Faire revivre les institutions sunnites pour combattre le terrorisme
L’islam sunnite est dans la tourmente. Au cours des deux dernières décennies, il a été en proie à une agitation et à une fragmentation sans précédent dans sa longue histoire.
Après la vague de radicalisation qui avait balayé la communauté chiite après la révolution iranienne de 1979, ce fut au tour de l’islam sunnite, qui représente environ 80 % des musulmans dans le monde, d’attirer les projecteurs et de passer au centre de la scène avec la montée incessante de mouvements radicaux violents tels qu’al-Qaïda et l’État islamique.
Il convient de noter que les racines des maux de l’islam sunnite ne sont pas entièrement liées à la religion, contrairement à ce que la plupart des journalistes, figures politiques et « experts » en Europe et de l’autre côté de l’Atlantique ne se lassent de répéter. Plutôt que dans les Écritures et la théologie, c’est dans la politique et l’économie, les équilibres de pouvoir, les interventions étrangères et la lutte pour l’influence et les ressources que résident les causes des maux du sunnisme. Si la foi religieuse et les affiliations sectaires et ethniques sont spontanément rappelées ou volontairement exploitées dans les conflits qui secouent le monde musulman, elles ne sont en réalité ni leur cause primaire, ni la seule clé de leur résolution.

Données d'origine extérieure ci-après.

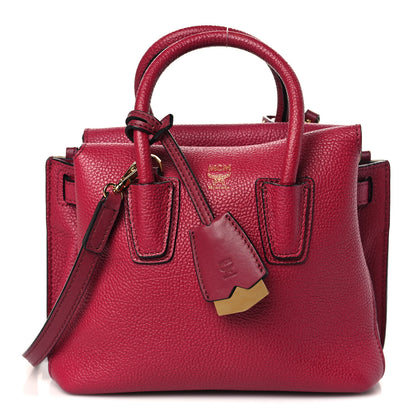 MCM Grained Calfskin Mini Milla Tote Burgundy 1 of 8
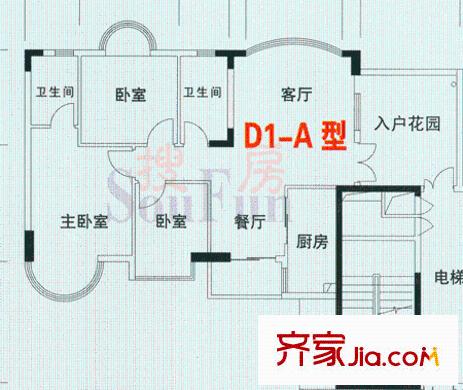 時富花園別墅戶型圖3室2廳2衛(wèi)1廚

Pourtant, il existe un réel problème qui caractérise concrètement l’islam sunnite majoritaire, à savoir la profusion de voix religieuses et politiques parlant en son nom, de façon désordonnée, contradictoire et déroutante – un phénomène face auquel l’islam chiite a été en grande partie immunisé grâce au pouvoir conféré à son clergé.
Depuis des siècles, l’islam sunnite s’est imposé comme le représentant des croyances de la majorité, ou de la foi de l’Oumma musulmane, plutôt que comme un simple groupe religieux, contrairement aux autres composantes du paysage musulman qui ont endossé le rôle de dissidents ayant fait sécession du courant dominant. Cela a donné à l’islam sunnite un sentiment de confiance et la capacité à s’identifier à plus grande échelle à l’Oumma et à s’en faire l’interprète, tandis que les autres croyances sont restées des expressions limitées de factions dissidentes en colère, même lorsqu’elles se sont retrouvées au pouvoir, à l’instar des chiites fatimides qui ont régné en Tunisie et en Égypte de 909 à 1171.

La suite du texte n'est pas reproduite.